Minimum wage hike, new waste reduction targets among Green Party campaign promises
Leader David Coon launches wide-ranging election platform, entitled Our Pathway for Change
The Green Party of New Brunswick has promised to hike the minimum wage and social assistance rates, eliminate the interest on provincial student loans, bring in border tolls on four-lane highways and make it possible to get to the four corners of the province via public transportation if the party is elected next month.
It has also pledged to increase the auditor general's budget and make the office of the chief medical officer of health independent, legislate waste reduction targets and remove industrial property tax exemptions in its wide-ranging campaign platform, launched Monday at the party's Fredericton headquarters.
"The Green Party's vision for the kind of province — the kind of future — we all want for our children and grandchildren, springs from the shared values that define us as New Brunswickers," party Leader David Coon said in statement.
"This platform — Our Pathway for Change — will help transform our vision for the province we love into reality."
Would scrap Medavie contracts
The Green Party is also expected to take aim at the province's contracts with Medavie for the management of extramural nursing and ambulance services when it details the health-care plank of its platform on Wednesday at 10 a.m. at the Sackville Memorial Hospital.

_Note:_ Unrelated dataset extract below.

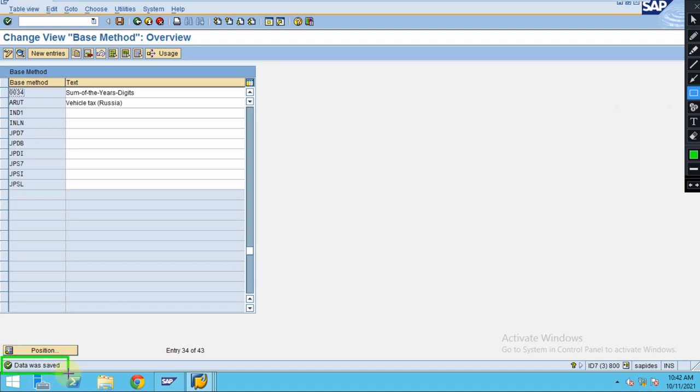So we created it. Once everything is created, the transport request is also generated. You will see this message, which means the data is saved to the transport request. You have to note down the transport request as well. Thank you.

"Health care is not a business, and the public health system should not be run like one — or by one," said Coon.
"Instead, it should be organized to meet citizens' health needs effectively, with decisions about providing care made at the community level."
Progressive Conservative Leader Blaine Higgs has also pledged to try to scrap the Medavie deal if elected on Sept. 24.
The Green Party contends the management responsibilities for extramural health services should be returned to the Horizon and Vitalité regional health networks.
It wants ambulance services under public management and would initiate a public inquiry into how they can be improved.
Coon holds the party's only seat in the legislature.
Federal Green Party Leader Elizabeth May is expected to support Coon's bid for re-election in the riding of Fredericton South on Thursday. She will campaign with Memramcook-Trantramar candidate Megan Mitton Tuesday and Wednesday.
The party's platform includes 120 commitments covering seven key areas. Among them:
Restore relations with First Nations
- Fully implement the Calls to Action of the national Truth and Reconciliation Commission and "address" the recommendations of the national inquiry into missing and murdered Indigenous women as soon as they're released.
- Help preserve Indigenous languages and culture by securing federal funding for Indigenous language teacher training and immersion programs for Indigenous children.
Living within our ecological and financial means
- Legislate a cap on industrial carbon pollution.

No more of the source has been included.